Putin is using Biden’s strategy against him
But by now pushing Russia’s borders westward, Putin is using Biden’s strategy against him. The West and the government in Kyiv that depends on it would have to accept the annexations not de jure but de facto if their strategy were to be maintained. If you give up on them, as it currently looks like, then the level of escalation has been reached that Biden wanted to avoid: (redrawn) Russian borders will be violated.
Part of Putin’s trait is that he has greatly upped the ante at this level with his nuclear threats. You have to take that very seriously, and not just because nuclear weapons always have to be taken very seriously. Putin has his back against the wall. His move is clever, but it’s also made out of desperation. He has come under severe military, economic and political pressure. He tries to save his thoughtless invasion and thus his survival. And not only politically: if he fails, he will not be able to retire at a dacha.
No one knows what Putin really thinks about the use of nuclear weapons, although they have played an increasing role in his rhetoric and politics over the years. From his point of view, a cost-benefit analysis could look like this: A nuclear attack on NATO harbors the danger of a nuclear escalation in which Russia itself could perish. He will want to avoid that. The situation is different in Ukraine. This cannot take nuclear retaliation.
Large arsenal of tactical nuclear weapons
The Russian military has a large arsenal of smaller, so-called tactical nuclear weapons that are suitable for the battlefield.
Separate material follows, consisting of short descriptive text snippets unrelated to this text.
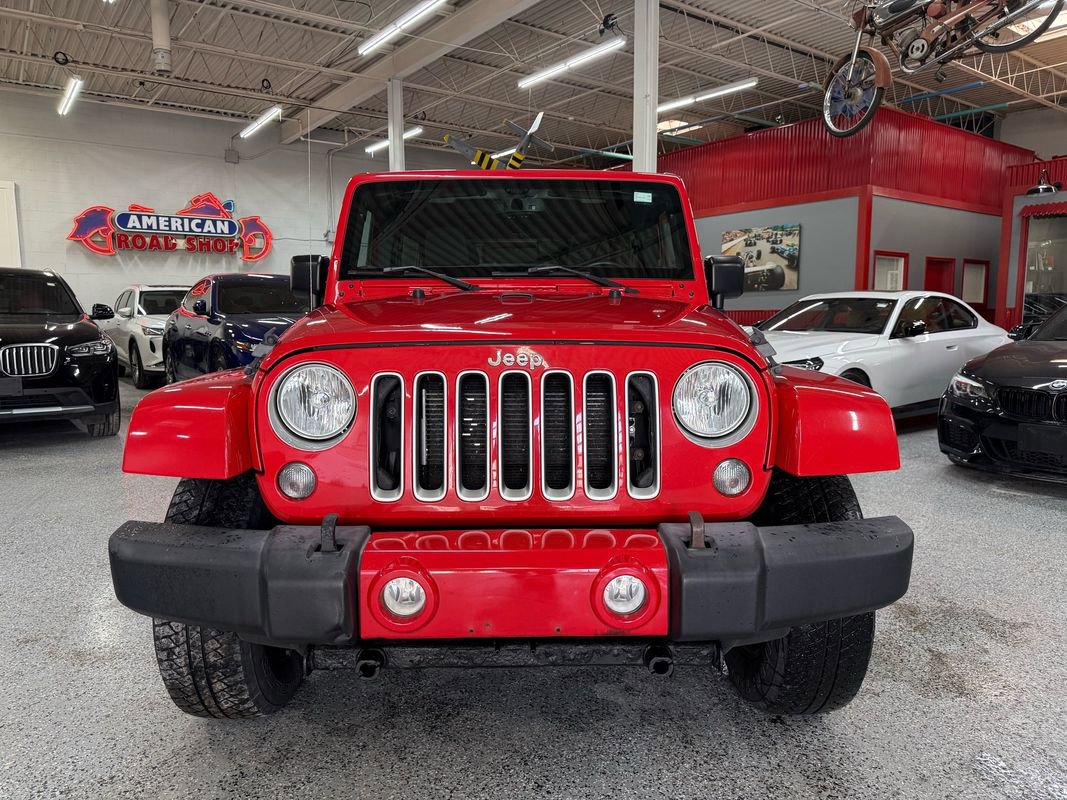 Used 2016 Jeep Wrangler Unlimited Sahara w/ Dual Top Group image 8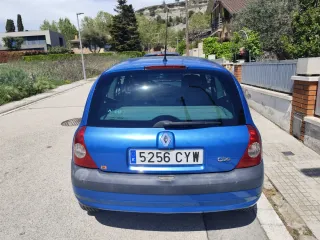 Renault Clio 2003
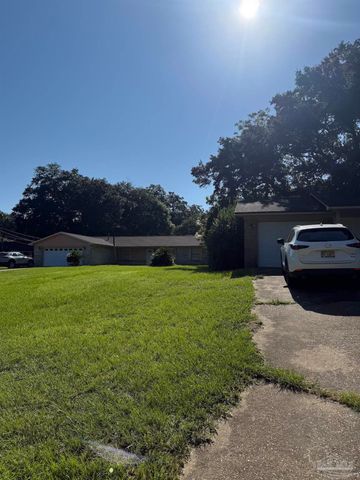 5842 Princeton Dr, Pensacola, FL 32526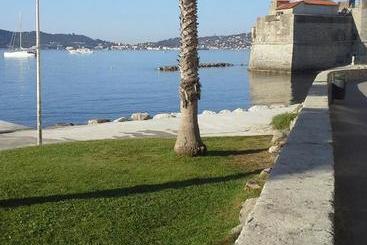 تختخواب و صبحانه Chambre D'hôtes Au Bord De Mer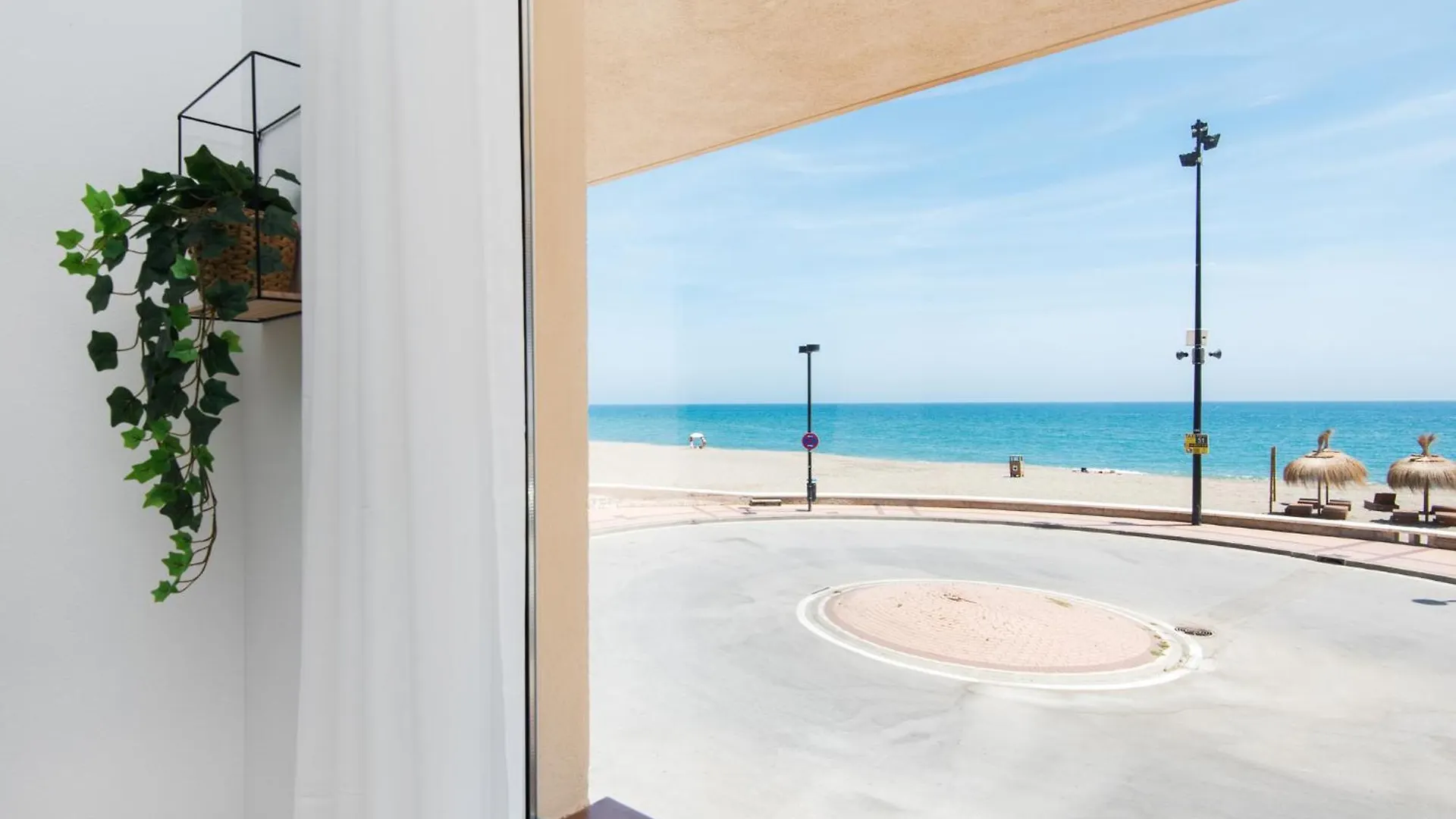 Madeinterranean Beach- Higueron Front Line Apartment فوينخيرولا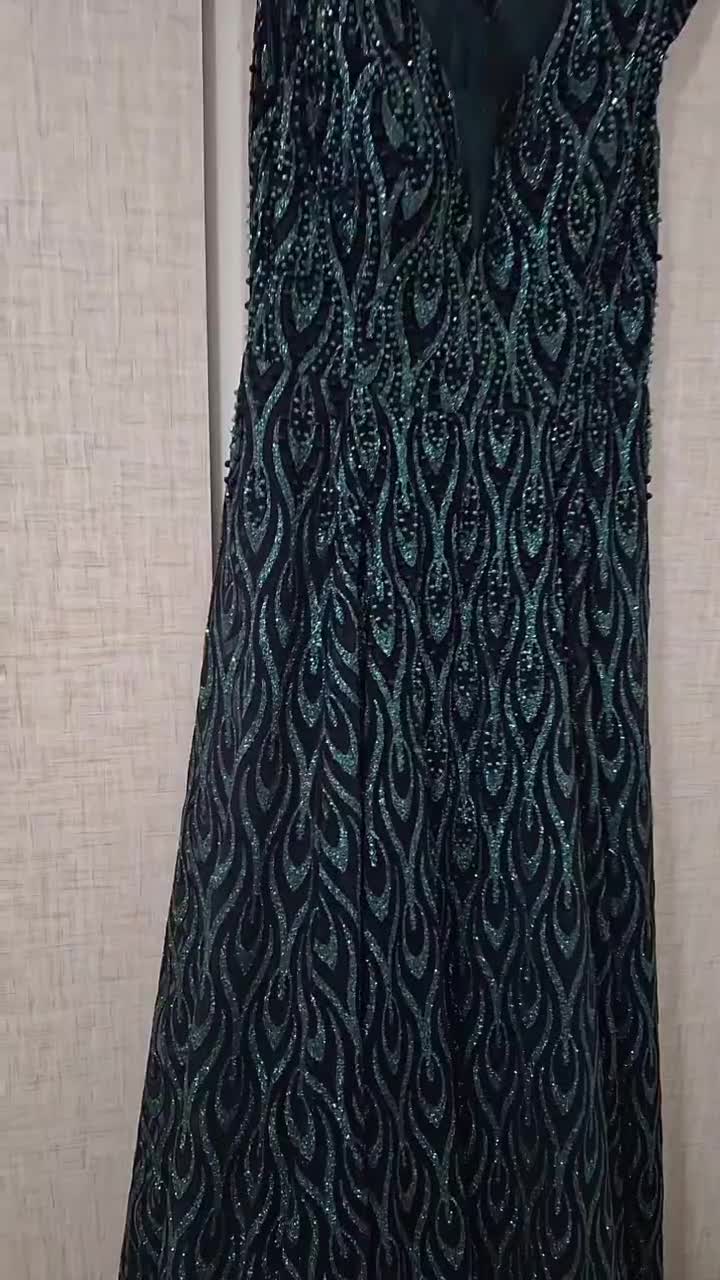 لباس مجلسی|لباس|یزد, |دیوار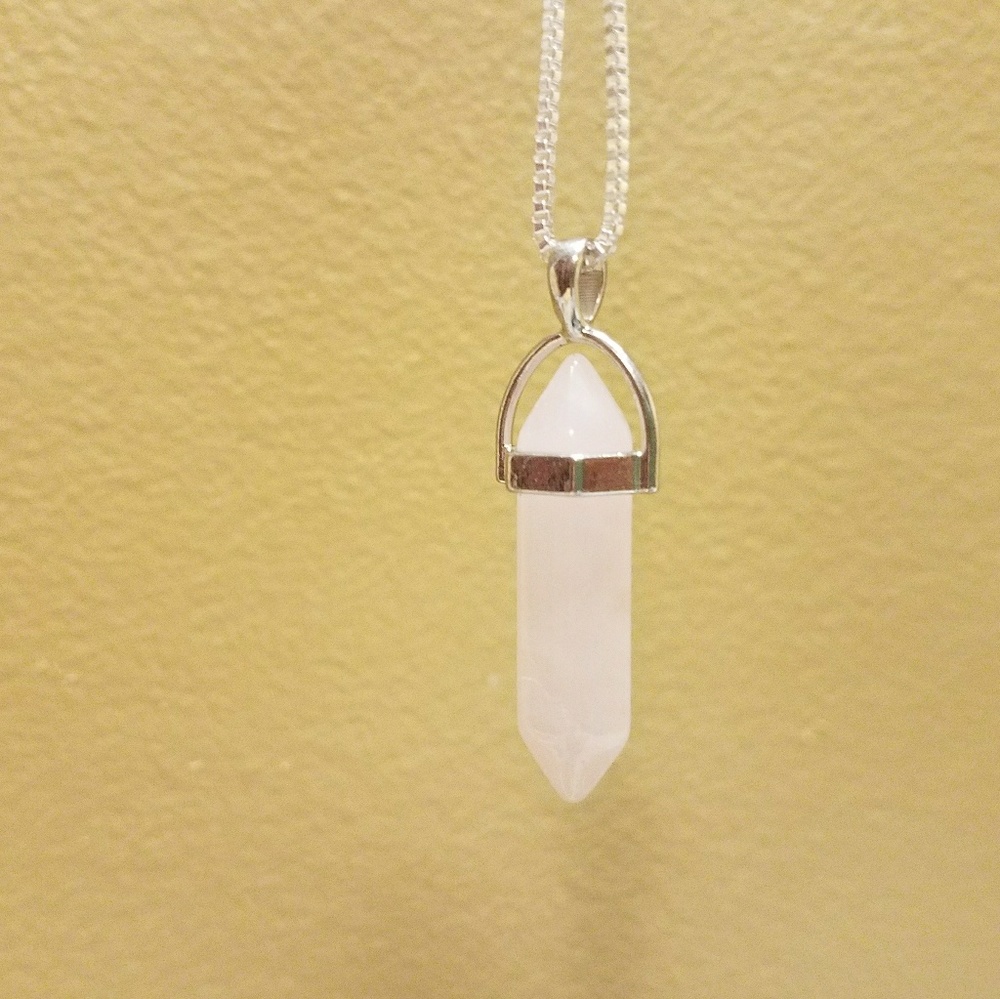 NWOT Natural Rose Quartz Stone Necklace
It has apparently dealt extensively with their involvement in warfare, even if it is unclear to what extent the willingness to use them offensively goes. Several scenarios are conceivable: an operation against Ukrainian troops in the contested areas, one against targets somewhere else in Ukraine, including civilian ones, or a more symbolic detonation, for example over the Black Sea. A deployment in the contested areas would offer military advantages against the advancing Ukrainians, but would hit new “Russian” territory. Putin would have a hard time justifying that at home. Therefore the other variants seem more probable, in the worst case after the model of Hiroshima and Nagasaki.
Recognizing the danger, Washington is now trying to increase Putin’s potential costs. The White House has warned Moscow of serious consequences through direct channels. Apparently, a conventional counterattack against Russian troops in Ukraine is under discussion. That, too, is coolly calculated: it would confront Putin with the decision to go to war with the United States and NATO. He rightly fears that. It would, however, be a situation for which there is no precedent in modern world history.
In Germany, in the supposed protection of Biden’s strategy, an often astonishingly frivolous debate about the delivery of battle tanks has once again been carried out in recent weeks. Now more than ever, one should not expect America to take the blame for the allies going it alone. No president will leave his nation’s (nuclear) fate in the hands of Europeans. The risk has increased for everyone involved, but it is primarily the Ukrainians who bear it. The West can continue to help them best, not just with weapons, but also with unity.